** Opening Data for analysis block **

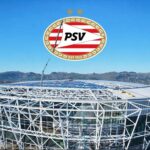 FB_IMG_1776420334511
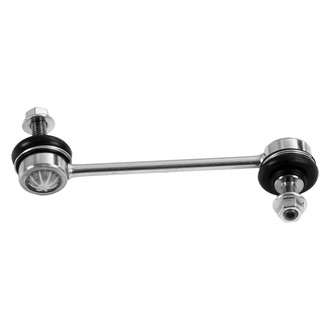 Metrix Premium Chassis Parts® - Stabilizer Bar Link
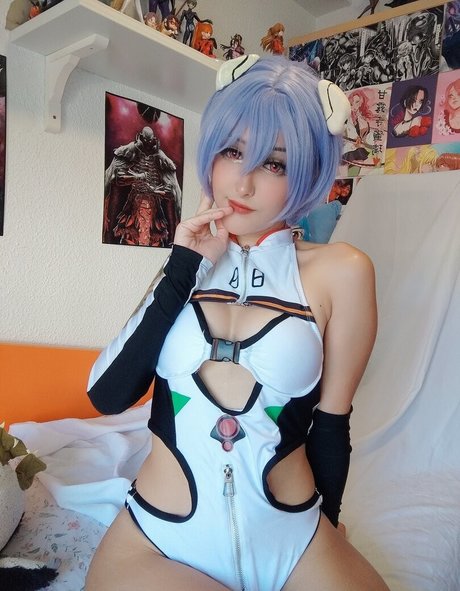 thick ass onlyfans art porn photo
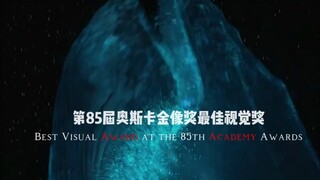 那些在国外杀疯的中国导演和他的作品们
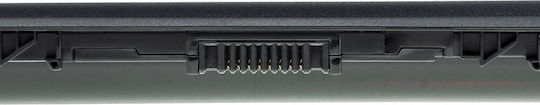Laptop Battery Dell Inspiron 5758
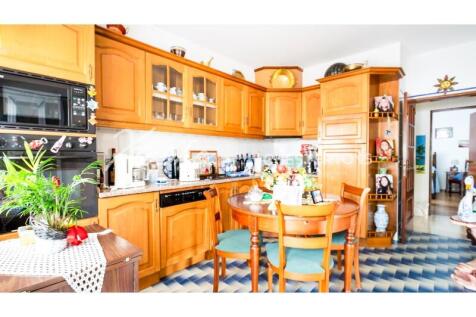 Near Quinta do Lago 3 Bed Single Storey Villa For Sale (11)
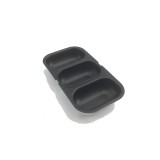 Ștampilă pentru p&acirc;ini IMETEC Originală B5340 DB5300 DB5340 Piesa Mașină de P&acirc;ine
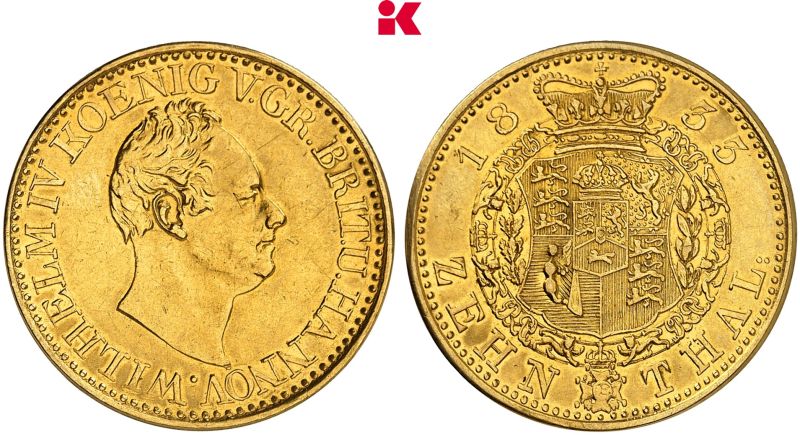 File:K439-2413.jpg
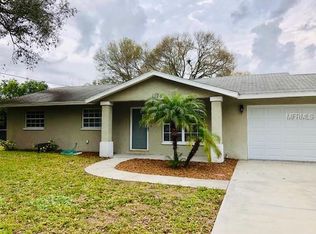 1105 Russell Ave, Sarasota, FL 34232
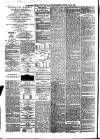 Gravesend Journal Saturday 21 June 1879 Page 2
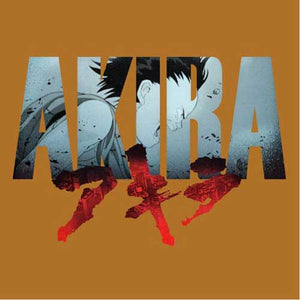 tshirt-t-shirt-akira-manga-coton-bio-curcuma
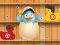 Permainan Duck Challenge secara online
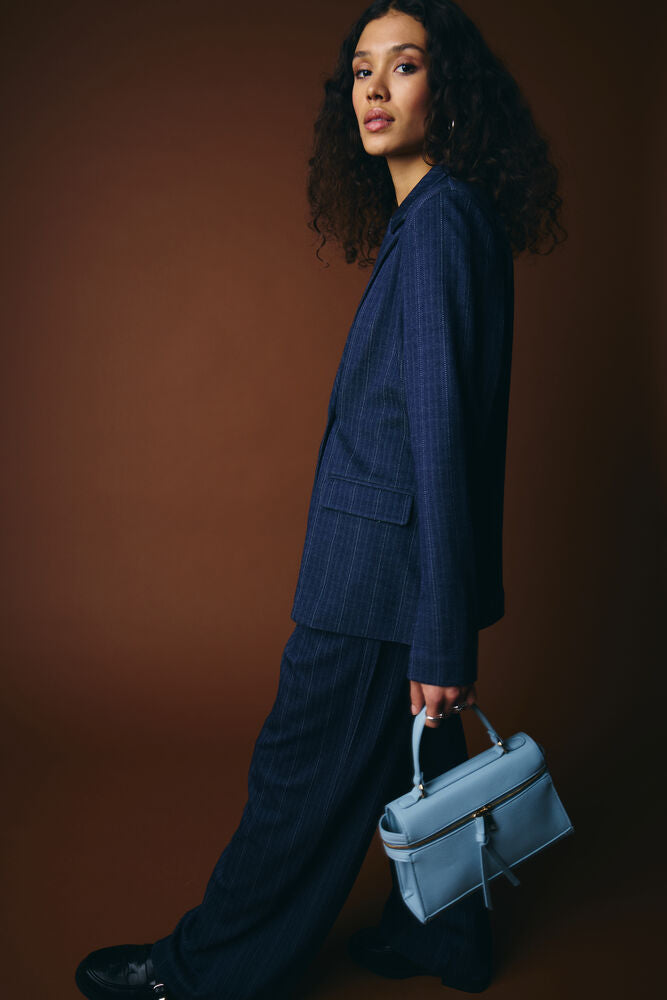 Blazer IHKATE - GIACCA - ICHI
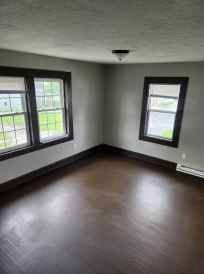 lerningtohunt's tweet photo. How the fuck do landlords get their pictures to look like this in 2026 https://t.co/hU3uc6S6sj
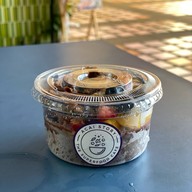 Acai Story นิชดาธานี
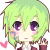 :iconlelme:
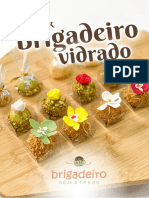 Ebook BrigadeiroVidrado9856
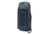 Vertx Commuter XL 23L Backpack, Heather Navy, F1 VTX5076 HNV NA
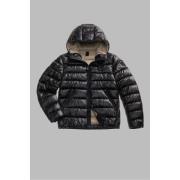 Donsjas Blauer 25WBLUC02079-005958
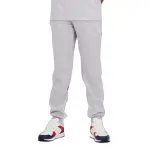 Pantalon de jogging enfant le coq sportif
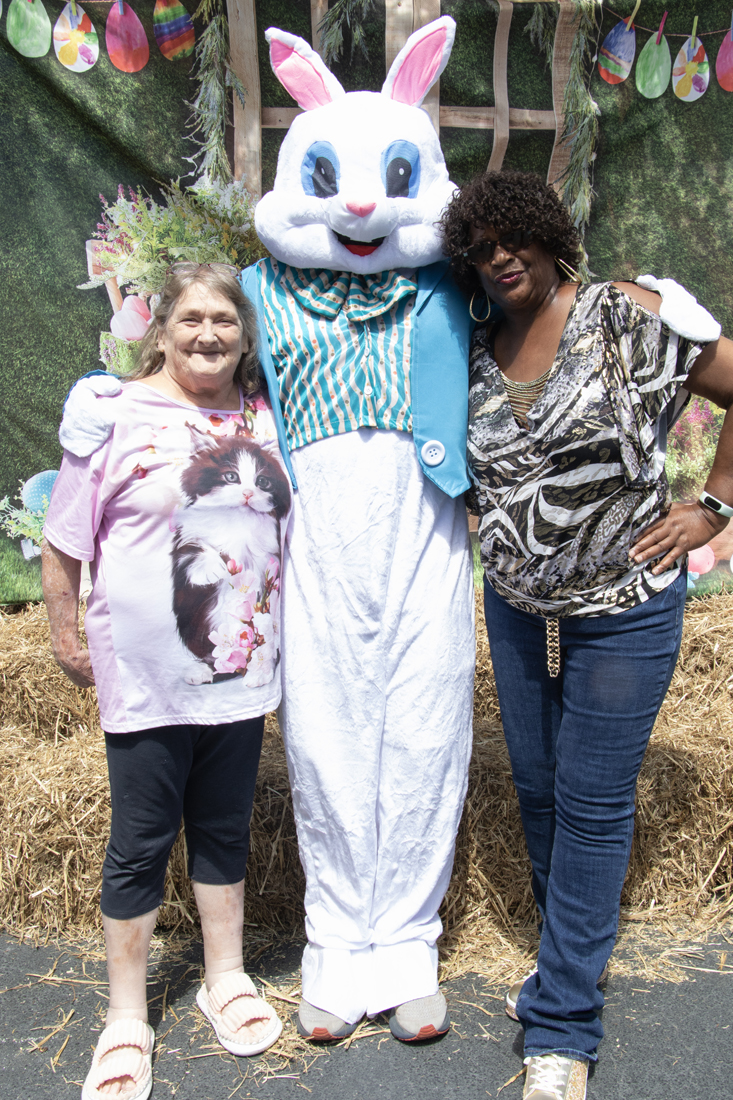 Macon - 2024 Easter Eggstravaganza (9376)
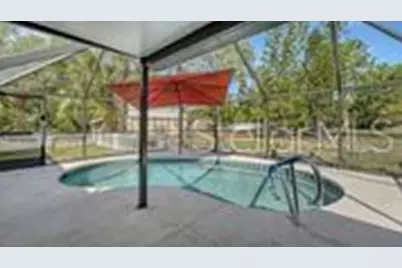 3793 Gocio Road, Sarasota, FL 34235 - Photo 28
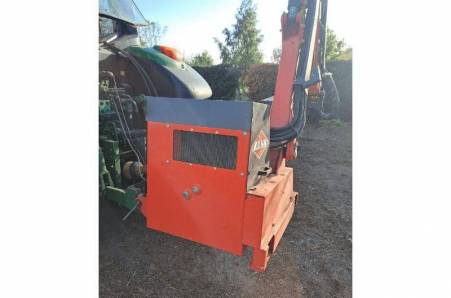 Kuhn, 4744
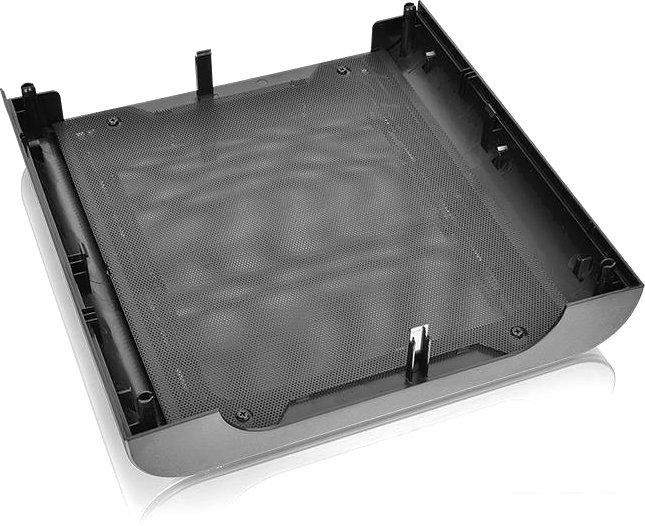 Корпус Thermaltake Level 20 VT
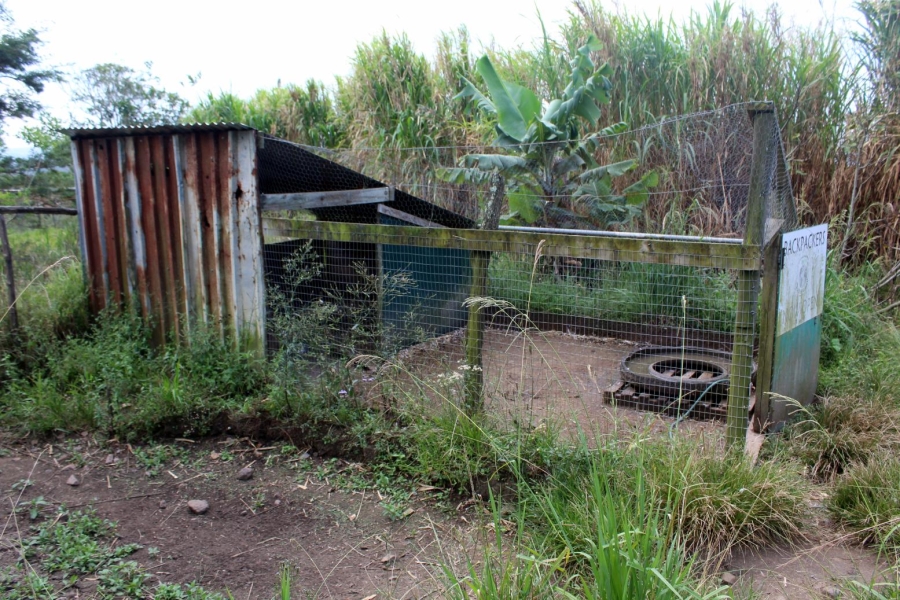 Commercial Property for Sale in Kei Mouth Eastern Cape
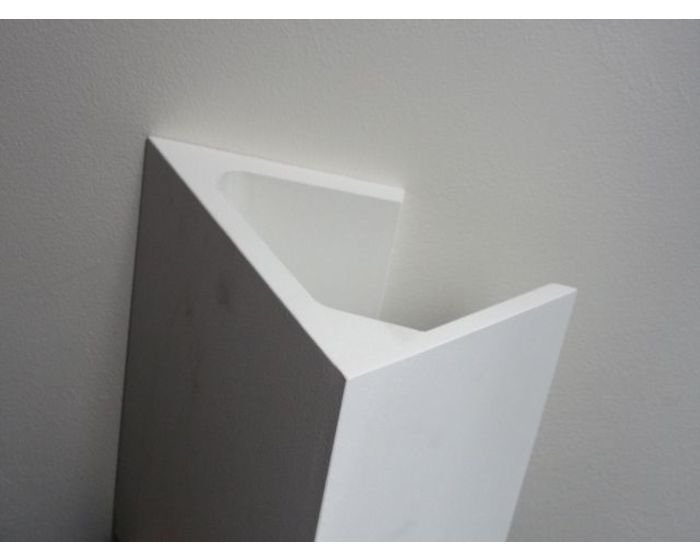 WD 86-3011 Stropní světelná římsa JR 333 - 40cm - ECO-DESIGN (obrázek 4)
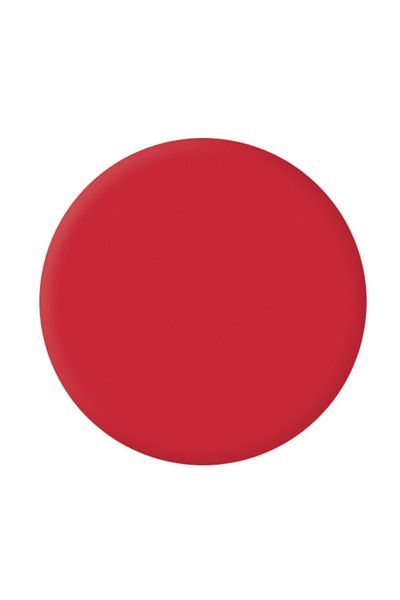 Cupio Cupio Candy Red non-permanent color gel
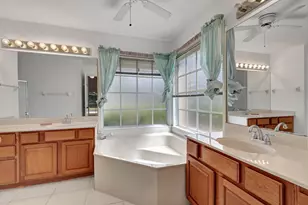 1819 Staimford Cir, Wellington, FL 33414 - Photo 31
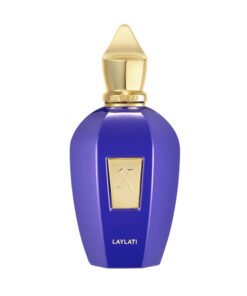 زيرجوف او دي بارفان من ليلتي، 100 مل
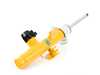 ES#4028562 - 23-266483 - B6 Front Performance DampTronic Suspension Strut Assembly - Left - Unbelievable control, precise handling, ultimate performance and incredible comfort. German-made with world-famous Bilstein quality and a limited lifetime warranty! A heavy duty upgrade for the performance minded driver. - Bilstein - BMW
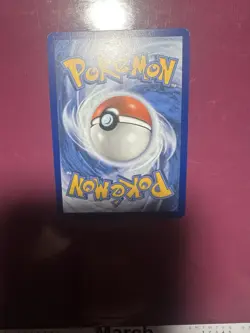 Blaziken Ex 024/159 Pokemon Journey Together - Image 4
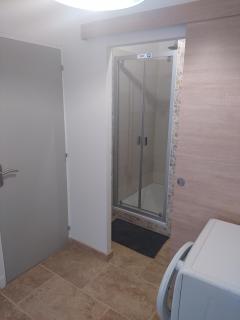 Maison de village confortable entièrement rénovée - 4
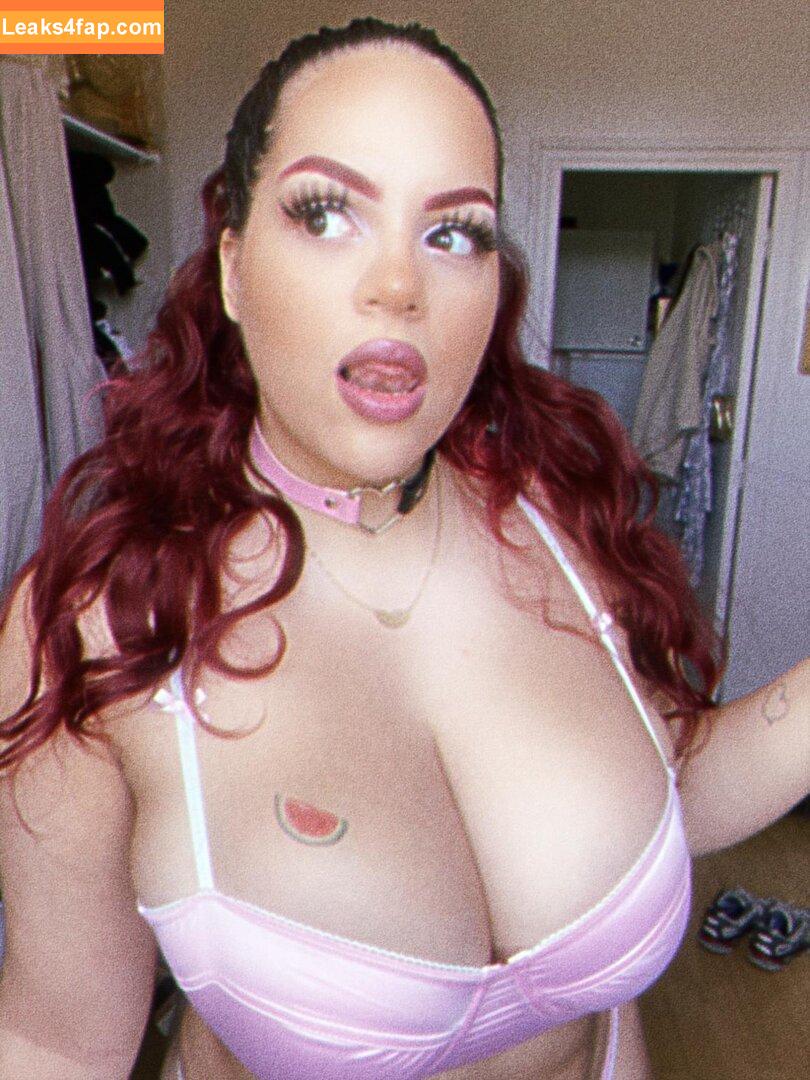 socuurvy / ldjezeriaa / socuurly leaked photo photo #0016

** Closing Data for analysis block **

How to complete this task:
Starting with the line that contains "Maison de village", print every line through the end of the data exactly as written; omit all pictures and add nothing else.

The completed task:
 Maison de village confortable entièrement rénovée - 4
 socuurvy / ldjezeriaa / socuurly leaked photo photo #0016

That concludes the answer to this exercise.